Records provided:

□ □ □ □

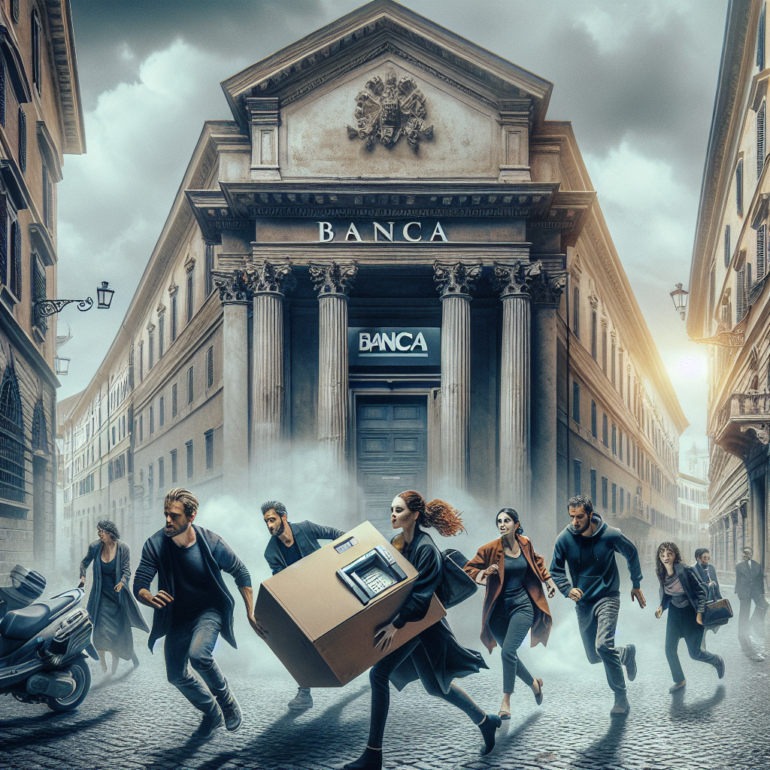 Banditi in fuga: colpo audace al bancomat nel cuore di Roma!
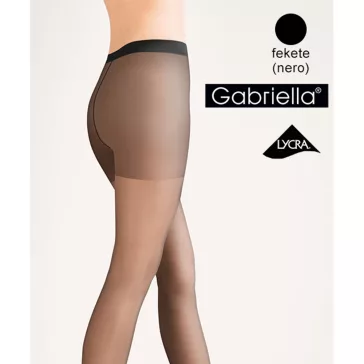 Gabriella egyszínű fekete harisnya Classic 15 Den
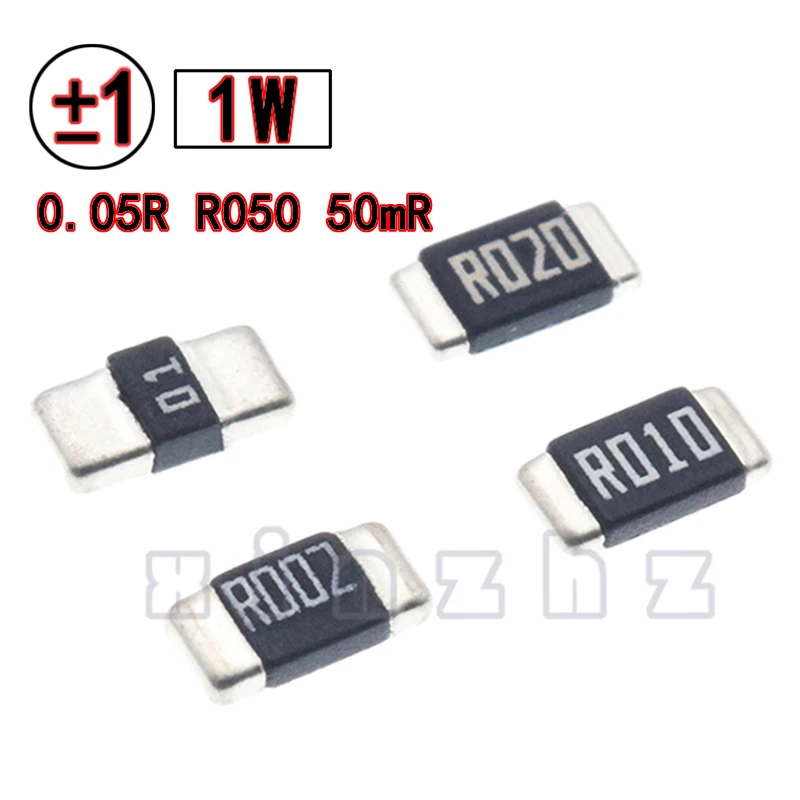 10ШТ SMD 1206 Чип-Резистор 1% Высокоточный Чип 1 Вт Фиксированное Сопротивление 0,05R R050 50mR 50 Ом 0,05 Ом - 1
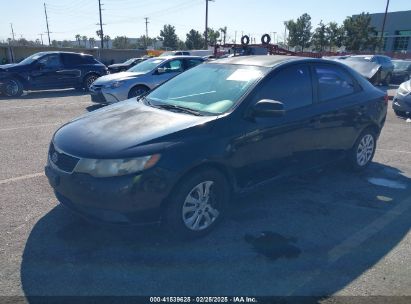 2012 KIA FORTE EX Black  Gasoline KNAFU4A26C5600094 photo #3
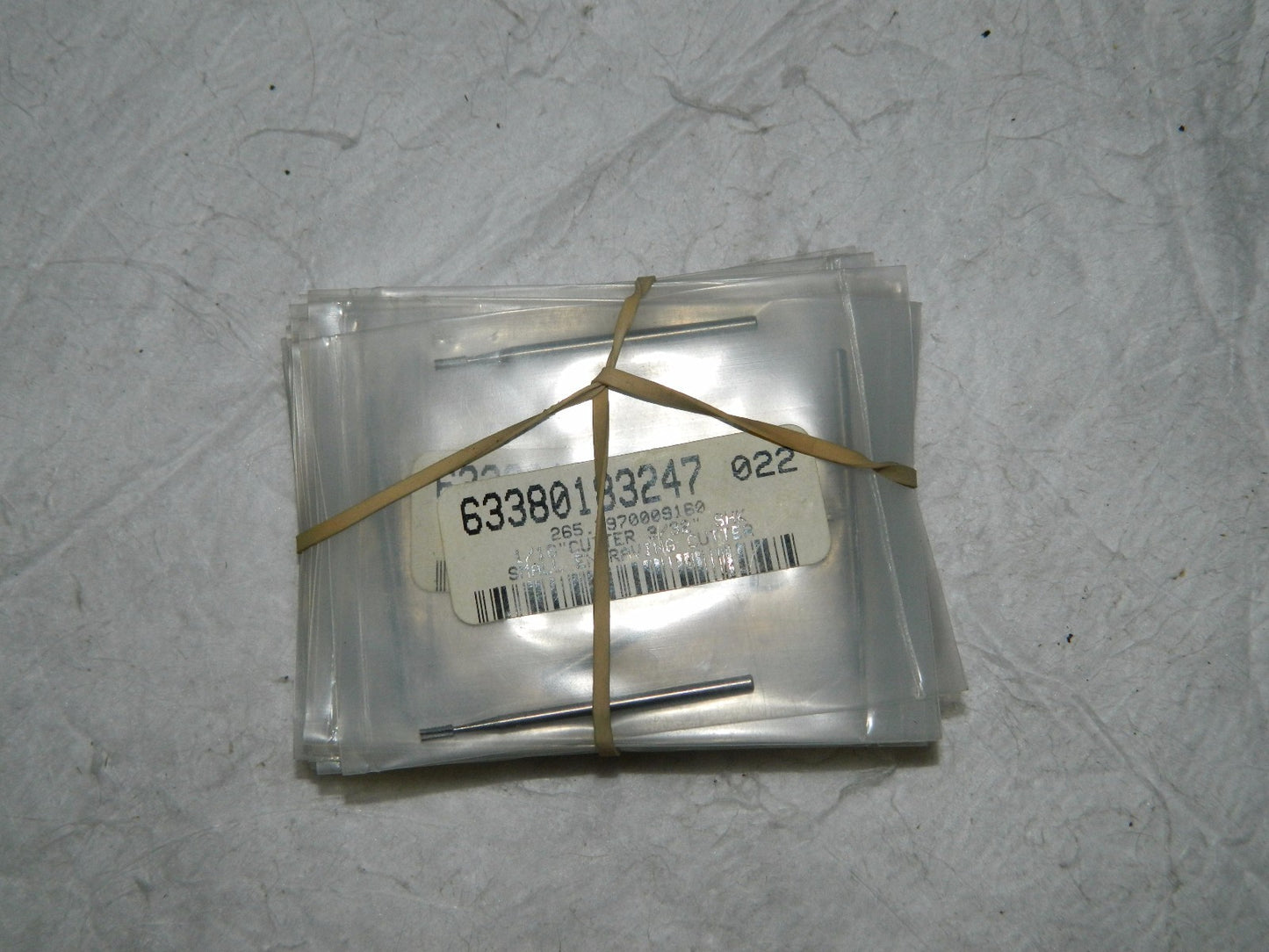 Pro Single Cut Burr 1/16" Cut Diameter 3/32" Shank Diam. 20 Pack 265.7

□ □ □ □

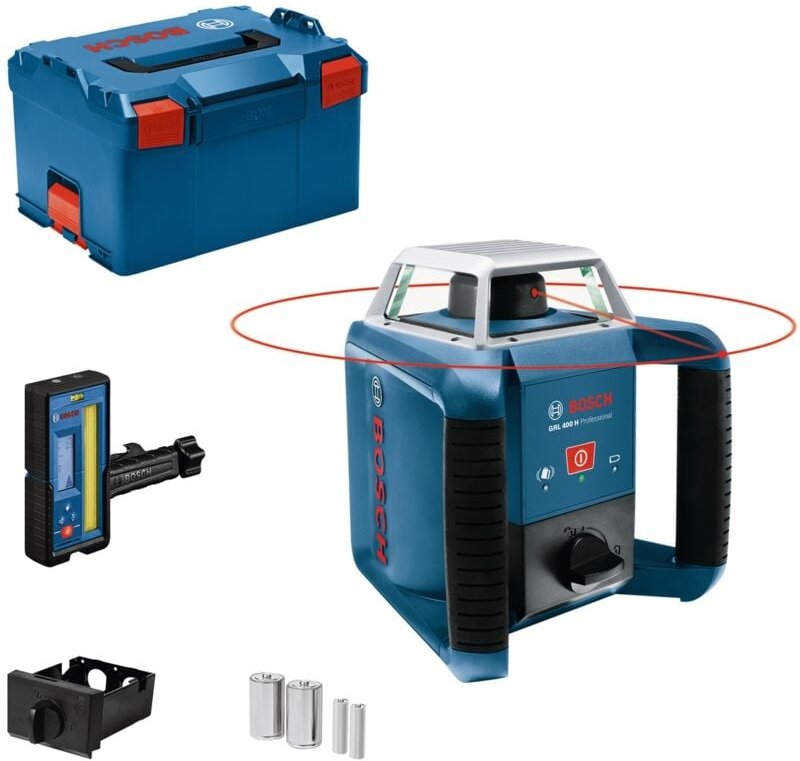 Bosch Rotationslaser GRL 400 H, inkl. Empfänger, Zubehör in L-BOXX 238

□ □ □ □

Required action: Write out exactly the run of lines above that starts at the line containing "Banditi in fuga: colpo" and ends at the line containing "Pro Single Cut". Include both, and leave the pictures out.

Solution to this task:
 Banditi in fuga: colpo audace al bancomat nel cuore di Roma!
 Gabriella egyszínű fekete harisnya Classic 15 Den
 10ШТ SMD 1206 Чип-Резистор 1% Высокоточный Чип 1 Вт Фиксированное Сопротивление 0,05R R050 50mR 50 Ом 0,05 Ом - 1
 2012 KIA FORTE EX Black  Gasoline KNAFU4A26C5600094 photo #3
 Pro Single Cut Burr 1/16" Cut Diameter 3/32" Shank Diam. 20 Pack 265.7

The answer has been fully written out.